Zombamos do “slop” da IA enquanto organizações humanas gigantes produzem o delas há décadas.

1 de setembro de 2026 · Matt Senter

Um computador CRT bege dos anos noventa exibe a página de login do Gas Account Center da Enbridge, ao lado de uma placa com a capitalização de US$ 110,13 bilhões e de um bilhete que diz: infraestrutura de bilhões, software de loja de R$ 1,99.

Anda havendo muito lamento por causa do “slop” gerado por IA.
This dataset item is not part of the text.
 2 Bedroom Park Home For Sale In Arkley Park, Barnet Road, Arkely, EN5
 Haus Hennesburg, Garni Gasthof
Sites gerados por IA. Código gerado por IA. Conteúdo gerado por IA. Interfaces que parecem mais ou menos certas até você tentar usá-las. Funcionalidades que existem tecnicamente, mas que claramente ninguém pensou direito. Produtos que dão a sensação de que alguém digitou um prompt, deu uma olhada no resultado e publicou.
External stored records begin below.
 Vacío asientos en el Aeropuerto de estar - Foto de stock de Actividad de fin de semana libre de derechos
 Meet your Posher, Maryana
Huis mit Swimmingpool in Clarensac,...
Boa parte dessa crítica é merecida. Mas os humanos vêm produzindo software lixo há décadas, e às vezes fazem isso com recursos que uma startup de IA mal conseguiria imaginar.

Encontrei recentemente um exemplo especialmente bonito na Enbridge, uma empresa cuja capitalização de mercado girava em torno de US$ 110 bilhões quando fui verificar.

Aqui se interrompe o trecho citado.